Pablo Honey’s contemporaneous extra tracks are largely rubbish, save for the urgent, original version of “Prove Yourself” and a dreamy Verve-like number called “Coke Babies”. Serious Radiohead twitchers may nevertheless appreciate a session version of old On A Friday staple “Nothing Touches Me”.

With hindsight, the ’90s music press analysis of a sudden epiphany occurring between Pablo Honey and The Bends seems like overstating the case. Many of the musical and lyrical themes are similar but The Bends is simply more focused, better written, less anxious and allows Thom Yorke’s voice more room.

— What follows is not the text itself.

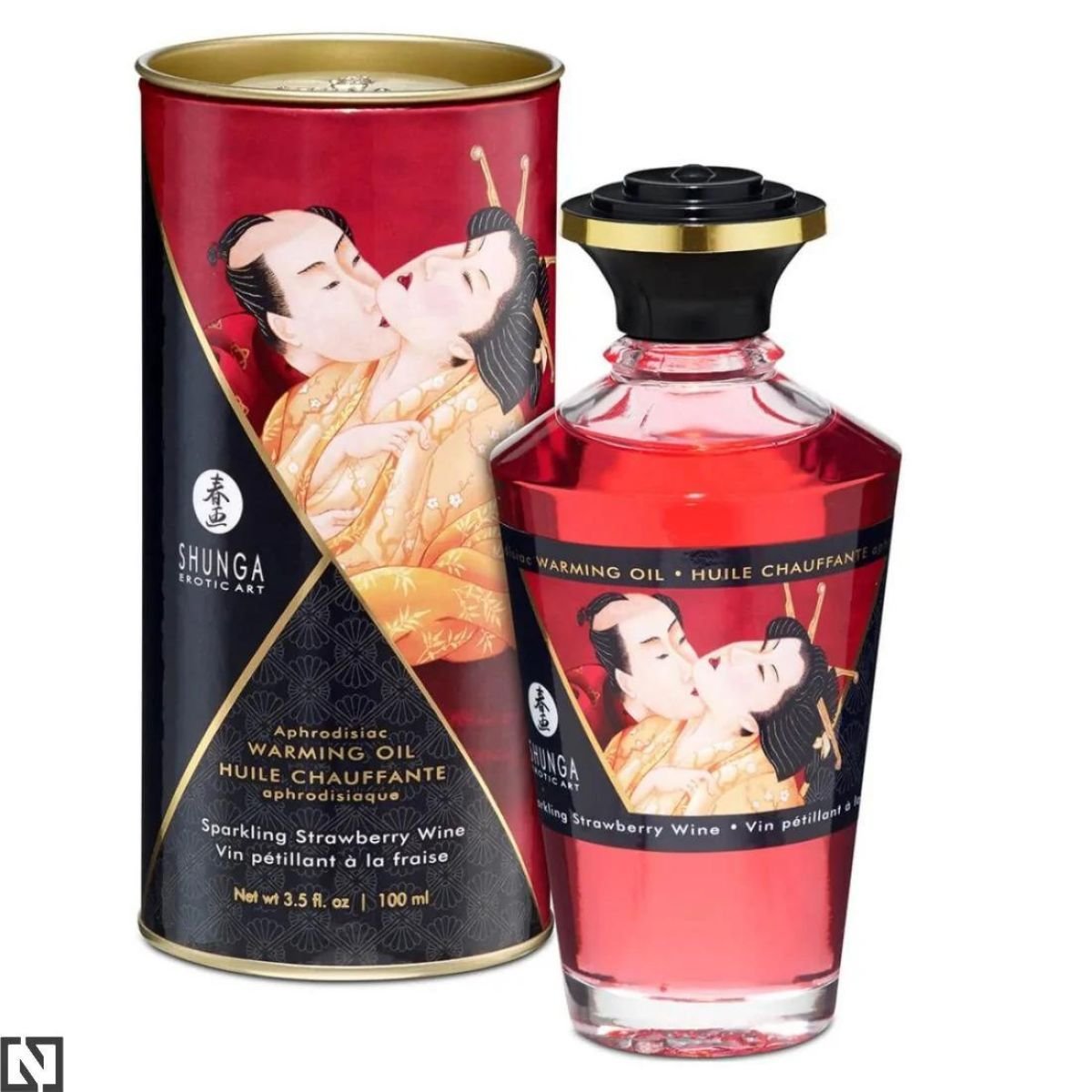 Shunga Aphrodisiac sparkling strawberry wine olejek do masażu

“My Iron Lung” still cleaves to that quiet-loud-quiet dynamic, but the quiet bits are menacingly serene, the loud bits genuinely delirious. “High And Dry”, “Fake Plastic Trees” and “Bullet Proof… ” witness the flourishing of a deft, restrained songwriting talent, while “Planet Telex” seamlessly introduces keyboards along with a sense of conflicted futurism that would prove the band’s rudder for a decade.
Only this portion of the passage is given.